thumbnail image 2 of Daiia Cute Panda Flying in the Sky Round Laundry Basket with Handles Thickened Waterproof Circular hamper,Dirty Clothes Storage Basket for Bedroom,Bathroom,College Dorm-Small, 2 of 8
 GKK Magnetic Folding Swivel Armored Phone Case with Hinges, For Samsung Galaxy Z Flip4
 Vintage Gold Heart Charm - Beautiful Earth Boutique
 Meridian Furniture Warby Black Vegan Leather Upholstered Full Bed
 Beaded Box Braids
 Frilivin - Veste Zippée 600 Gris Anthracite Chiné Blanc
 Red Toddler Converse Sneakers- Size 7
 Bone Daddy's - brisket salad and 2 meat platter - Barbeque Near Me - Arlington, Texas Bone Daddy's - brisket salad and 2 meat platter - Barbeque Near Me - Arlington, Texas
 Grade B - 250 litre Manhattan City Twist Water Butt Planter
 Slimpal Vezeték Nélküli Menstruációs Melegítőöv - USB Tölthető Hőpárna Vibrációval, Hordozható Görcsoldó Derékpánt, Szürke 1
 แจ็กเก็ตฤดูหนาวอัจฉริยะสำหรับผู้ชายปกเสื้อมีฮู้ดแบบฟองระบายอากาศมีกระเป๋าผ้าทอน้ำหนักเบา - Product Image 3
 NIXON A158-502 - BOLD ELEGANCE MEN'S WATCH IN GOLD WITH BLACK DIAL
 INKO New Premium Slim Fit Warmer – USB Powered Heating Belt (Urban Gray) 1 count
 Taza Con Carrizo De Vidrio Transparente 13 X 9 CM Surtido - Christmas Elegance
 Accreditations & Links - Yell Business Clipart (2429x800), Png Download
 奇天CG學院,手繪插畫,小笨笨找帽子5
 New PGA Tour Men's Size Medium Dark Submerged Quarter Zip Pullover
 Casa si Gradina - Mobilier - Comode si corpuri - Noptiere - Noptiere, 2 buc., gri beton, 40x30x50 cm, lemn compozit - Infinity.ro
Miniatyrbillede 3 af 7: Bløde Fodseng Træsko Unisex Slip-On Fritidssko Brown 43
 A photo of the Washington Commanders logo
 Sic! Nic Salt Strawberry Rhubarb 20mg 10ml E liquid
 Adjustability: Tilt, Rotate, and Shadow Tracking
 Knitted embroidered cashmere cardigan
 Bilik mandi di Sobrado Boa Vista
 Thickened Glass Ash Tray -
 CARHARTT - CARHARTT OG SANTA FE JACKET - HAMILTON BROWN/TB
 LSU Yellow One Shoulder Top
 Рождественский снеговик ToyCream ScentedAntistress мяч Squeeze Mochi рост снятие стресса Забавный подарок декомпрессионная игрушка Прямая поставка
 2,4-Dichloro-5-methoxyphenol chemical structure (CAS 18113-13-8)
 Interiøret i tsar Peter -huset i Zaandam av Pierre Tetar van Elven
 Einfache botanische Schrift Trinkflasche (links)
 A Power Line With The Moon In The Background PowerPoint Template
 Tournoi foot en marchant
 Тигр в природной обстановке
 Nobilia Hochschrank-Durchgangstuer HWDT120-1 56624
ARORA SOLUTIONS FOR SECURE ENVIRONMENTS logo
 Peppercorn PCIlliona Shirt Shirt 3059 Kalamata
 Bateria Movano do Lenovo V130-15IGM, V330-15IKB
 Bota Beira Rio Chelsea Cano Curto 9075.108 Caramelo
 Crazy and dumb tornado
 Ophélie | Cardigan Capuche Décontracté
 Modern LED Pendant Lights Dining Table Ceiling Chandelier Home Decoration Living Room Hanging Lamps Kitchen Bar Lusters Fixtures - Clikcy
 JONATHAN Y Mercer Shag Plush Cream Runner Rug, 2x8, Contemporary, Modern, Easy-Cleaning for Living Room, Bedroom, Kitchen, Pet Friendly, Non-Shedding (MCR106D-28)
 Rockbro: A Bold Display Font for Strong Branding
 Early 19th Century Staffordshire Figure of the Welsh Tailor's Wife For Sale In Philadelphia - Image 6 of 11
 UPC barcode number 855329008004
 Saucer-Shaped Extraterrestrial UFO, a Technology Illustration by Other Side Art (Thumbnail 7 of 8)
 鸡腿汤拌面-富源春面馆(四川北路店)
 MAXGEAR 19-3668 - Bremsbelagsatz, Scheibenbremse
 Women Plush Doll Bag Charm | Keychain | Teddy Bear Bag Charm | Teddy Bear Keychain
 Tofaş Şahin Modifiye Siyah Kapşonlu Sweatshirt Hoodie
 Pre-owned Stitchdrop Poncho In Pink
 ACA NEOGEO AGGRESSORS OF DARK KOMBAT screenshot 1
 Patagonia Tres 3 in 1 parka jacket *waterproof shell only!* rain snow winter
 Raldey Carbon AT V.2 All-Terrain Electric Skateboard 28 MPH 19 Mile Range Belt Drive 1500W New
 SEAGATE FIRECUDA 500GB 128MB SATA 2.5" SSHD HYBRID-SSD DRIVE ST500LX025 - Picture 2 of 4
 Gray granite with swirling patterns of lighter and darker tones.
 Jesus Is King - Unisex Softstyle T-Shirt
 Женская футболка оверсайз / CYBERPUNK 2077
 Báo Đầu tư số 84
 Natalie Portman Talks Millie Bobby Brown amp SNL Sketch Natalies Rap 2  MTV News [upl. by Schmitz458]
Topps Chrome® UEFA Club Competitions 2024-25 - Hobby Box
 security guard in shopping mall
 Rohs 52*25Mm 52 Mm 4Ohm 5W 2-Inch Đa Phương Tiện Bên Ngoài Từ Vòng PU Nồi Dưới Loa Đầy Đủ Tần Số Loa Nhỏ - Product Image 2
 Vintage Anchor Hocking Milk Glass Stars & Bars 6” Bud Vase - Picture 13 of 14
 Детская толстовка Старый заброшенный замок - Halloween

-------

-- Exercise --
What you write must be the entries restated word for word, from the opening line through the one holding "LSU Yellow One Shoulder Top", with nothing else.

-- Exercise response --
thumbnail image 2 of Daiia Cute Panda Flying in the Sky Round Laundry Basket with Handles Thickened Waterproof Circular hamper,Dirty Clothes Storage Basket for Bedroom,Bathroom,College Dorm-Small, 2 of 8
 GKK Magnetic Folding Swivel Armored Phone Case with Hinges, For Samsung Galaxy Z Flip4
 Vintage Gold Heart Charm - Beautiful Earth Boutique
 Meridian Furniture Warby Black Vegan Leather Upholstered Full Bed
 Beaded Box Braids
 Frilivin - Veste Zippée 600 Gris Anthracite Chiné Blanc
 Red Toddler Converse Sneakers- Size 7
 Bone Daddy's - brisket salad and 2 meat platter - Barbeque Near Me - Arlington, Texas Bone Daddy's - brisket salad and 2 meat platter - Barbeque Near Me - Arlington, Texas
 Grade B - 250 litre Manhattan City Twist Water Butt Planter
 Slimpal Vezeték Nélküli Menstruációs Melegítőöv - USB Tölthető Hőpárna Vibrációval, Hordozható Görcsoldó Derékpánt, Szürke 1
 แจ็กเก็ตฤดูหนาวอัจฉริยะสำหรับผู้ชายปกเสื้อมีฮู้ดแบบฟองระบายอากาศมีกระเป๋าผ้าทอน้ำหนักเบา - Product Image 3
 NIXON A158-502 - BOLD ELEGANCE MEN'S WATCH IN GOLD WITH BLACK DIAL
 INKO New Premium Slim Fit Warmer – USB Powered Heating Belt (Urban Gray) 1 count
 Taza Con Carrizo De Vidrio Transparente 13 X 9 CM Surtido - Christmas Elegance
 Accreditations & Links - Yell Business Clipart (2429x800), Png Download
 奇天CG學院,手繪插畫,小笨笨找帽子5
 New PGA Tour Men's Size Medium Dark Submerged Quarter Zip Pullover
 Casa si Gradina - Mobilier - Comode si corpuri - Noptiere - Noptiere, 2 buc., gri beton, 40x30x50 cm, lemn compozit - Infinity.ro
Miniatyrbillede 3 af 7: Bløde Fodseng Træsko Unisex Slip-On Fritidssko Brown 43
 A photo of the Washington Commanders logo
 Sic! Nic Salt Strawberry Rhubarb 20mg 10ml E liquid
 Adjustability: Tilt, Rotate, and Shadow Tracking
 Knitted embroidered cashmere cardigan
 Bilik mandi di Sobrado Boa Vista
 Thickened Glass Ash Tray -
 CARHARTT - CARHARTT OG SANTA FE JACKET - HAMILTON BROWN/TB
 LSU Yellow One Shoulder Top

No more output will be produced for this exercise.